■ **Input data**:
══════

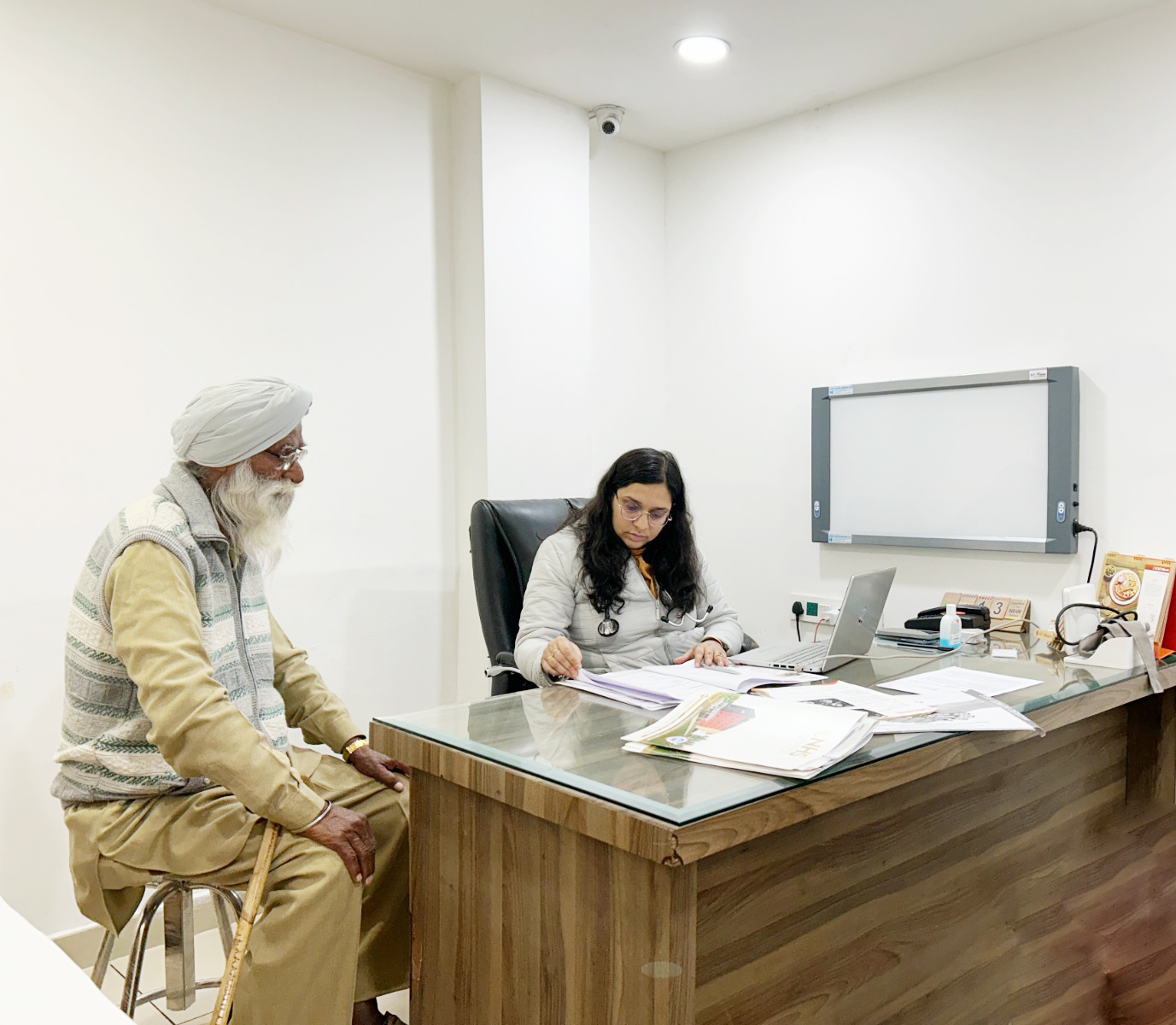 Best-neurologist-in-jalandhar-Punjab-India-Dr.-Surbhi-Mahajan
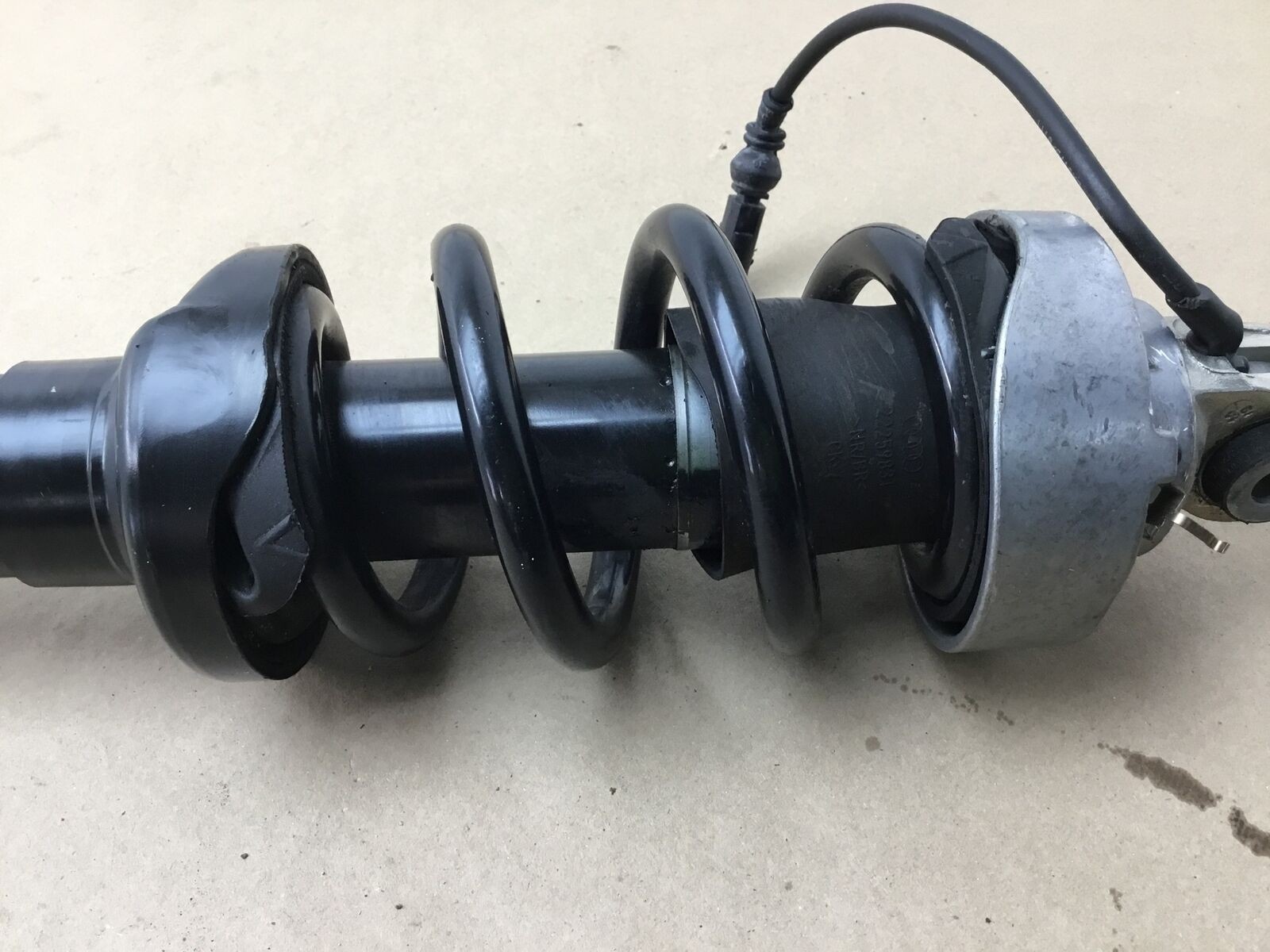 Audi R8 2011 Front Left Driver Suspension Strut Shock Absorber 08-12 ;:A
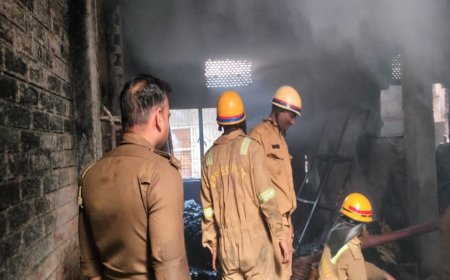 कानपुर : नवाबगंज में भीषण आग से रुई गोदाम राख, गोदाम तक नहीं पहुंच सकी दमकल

══════

■ **What to work on**: Please give the material above again in full, with no pictures in your version.

■ **Solution to the problem**:
 Best-neurologist-in-jalandhar-Punjab-India-Dr.-Surbhi-Mahajan
 Audi R8 2011 Front Left Driver Suspension Strut Shock Absorber 08-12 ;:A
 कानपुर : नवाबगंज में भीषण आग से रुई गोदाम राख, गोदाम तक नहीं पहुंच सकी दमकल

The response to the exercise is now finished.